Chennai collectorate announced a holiday for all schools and colleges in the city on Friday. Unlike Sunday, when the sudden deluge caught authorities unawares, officials were better prepared on Thursday with over 400 boats deployed in Chennai itself.
Rainfall at this time in Tamil Nadu is not unusual but experts have warned that the climate crisis and unchecked development in low lying areas have exacerbated the problem. The climate crisis has rainfall more intense and frequent and the urbanisation of water bodies has resulted in blocking of discharge outlets, say experts.
No lessons learnt
Moreover, the crisis underlined that only temporary patchwork was done after the 2015 tragedy, and no permanent solutions – removing encroachments on flood plains, stopping the dumping of fly ash, municipal waste and industrial effluents on river basins and unclogging decades-old storm water drains – were undertaken.
“Normally Chennai receives an average rainfall of 38-40 cm in November and we have exceeded that already,” said former deputy director of the India Meteorological Department YEA Raj. “We still have 19 days to go so we may see record rainfall or not.”

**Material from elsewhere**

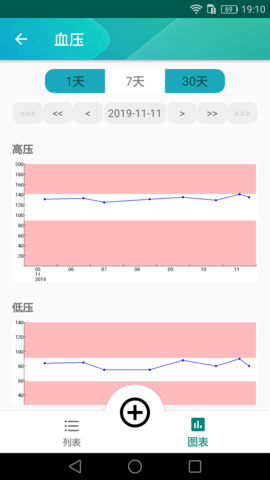 健康日记 1.2.2 安卓版 2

Independent weather expert Pradeep John said that the problem of water-logging was more due to unplanned development and blocking of water discharge systems, especially in the low lying areas close to the coast. “Despite building new drains worth crore of rupees, the problem remains and could continue,” he said.
He said this November could break the record for the most rainfall received by the city. According to IMD’s data, the record is held by November 1918 with 1088 mm. “If we take cumulatively, many stations from Wednesday has crossed 200 mm rainfall in 24-hours. Only four times 1000mm has been breached by Chennai’s Nungambakkam in an entire month in 200 years,” said John.